Is there another fishing camp that has its own flower-filled conservatory for afternoon tea or just relaxing in the greenhouse environment, kept fresh by Sonora’s three full-time gardeners?
Sonora Island is 120 miles north of Vancouver, British Columbia, as the helicopter flies, and that’s the way most guests arrive, as you cannot drive there. You can also take a private boat or a seaplane, depending on where you’re beginning the trip. Either way, you’ll arrive in the midst of a beautiful mature coastal rainforest of cedars and firs in the midst of these Discovery Islands, and the vistas of mountains and waterfalls and wildlife from every giant window in the resort prove that the surroundings have been kept pristine and unspoiled. The salmon fishing is, of course, the best, and the resort’s fleet of 10 Grady White vessels are docked right below the main dining room ready for guided expeditions every day.
The 88 guest rooms are enormous stone and exposed beam cedar structures with floor-to-ceiling windows, each room equipped with binoculars to take in more easily the spectacular view of nature just outside. For executives or large family groups, two 1l,000-square-foot art-filled five-bedroom villas are available with added amenities such as snooker tables and hot tubs in every bedroom. There’s an indoor tennis building, a putting green, and the ability to arrange a quick seaplane- or boat ride to the 18-hole Storey Creek Golf Course, although why this is needed, with the resort’s virtual golf room that allows you to choose from the world’s finest courses and practice with their Callaway clubs, is a good question.
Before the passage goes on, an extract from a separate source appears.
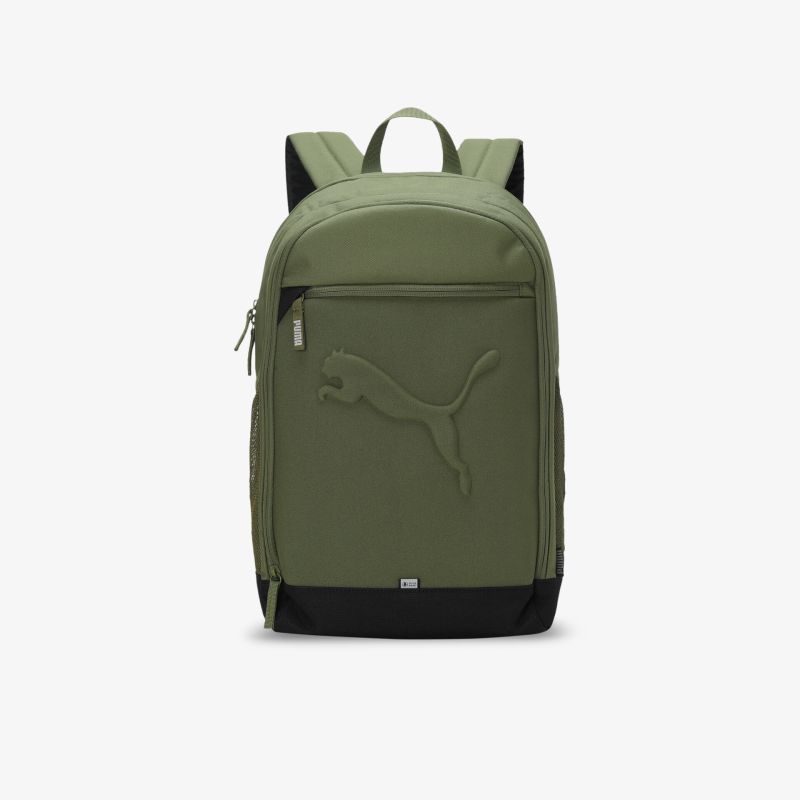 Olivgrüner Rucksack mit mehreren Fächern, robustem Material und gepolsterten Schultergurten, Frontansicht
You can take a helicopter glacier tour from the resort, hike the rainforest, and at certain times of the year, look for grizzlies and black bears who come down from their mountain hideaways when the salmon are running. Four trout ponds allow you to practice fly-fishing, and the eco-adventure tour in a rubber boat is as exciting as a roller coaster when your captain-guide races over the whitewater eddies and currents.
Of course you can have your caught fish shipped home from the resort, but Sonora offers a number of other choices, including taxidermy, in which your fish can be made into a mount for the wall, or “Gyotaku,” an ancient Japanese art of fish-printing, practiced by a local artist. The fish is used as a printing surface to create a beautifully detailed likeness, and after the print is taken for your artwork to be processed and sent home, you can still eat the fish at the resort. And, although it can be cooked in any number of ways, you would be wise to allow Chef Terry Pichor to do his gourmet thing with your catch. Pichor’s menu is a joy to any gourmand, with specialties such as Octopus Bolognese, 30-day dry aged and sous-vide heritage beef tenderloin, and Charred Eggplant Ravioli. He will make your 10-pound sockeye salmon into a dish worthy of any Michelin-starred city restaurant if you turn the fish over to him as soon as you catch it.
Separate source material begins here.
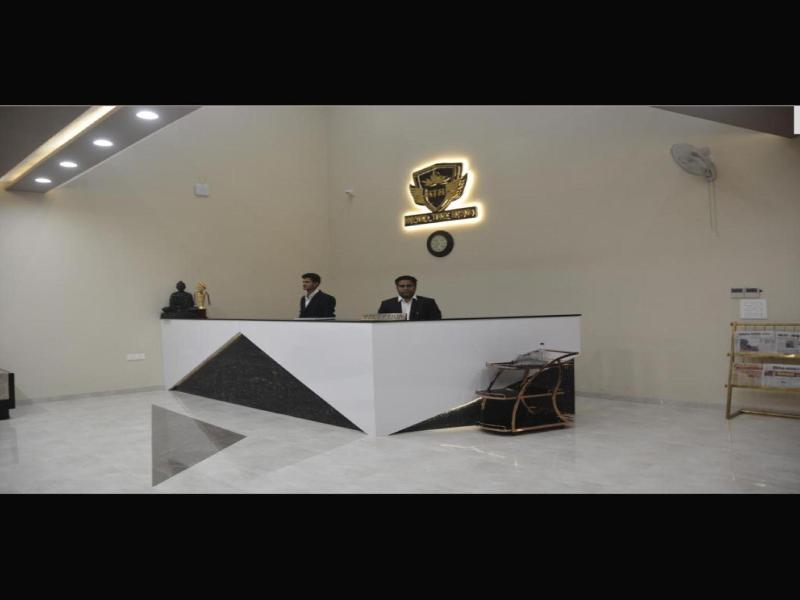 Hotel the Hind image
Of course there’s games room and an exercise room, and even a 12-seat movie theater with a popcorn machine and 100 movies on cd, if you can stay awake after fishing or hiking all day.
Sonora is expensive — between $680 and $4240 per night, but the price seems softer when you’re told that you may telephone anywhere in the world from the phone in your room, free of charge. And everything else, from food to alcohol to snacks, is included in that price. Go to sonoraresort.com or for reservations, 604-233-0400 or firstname.lastname@example.org.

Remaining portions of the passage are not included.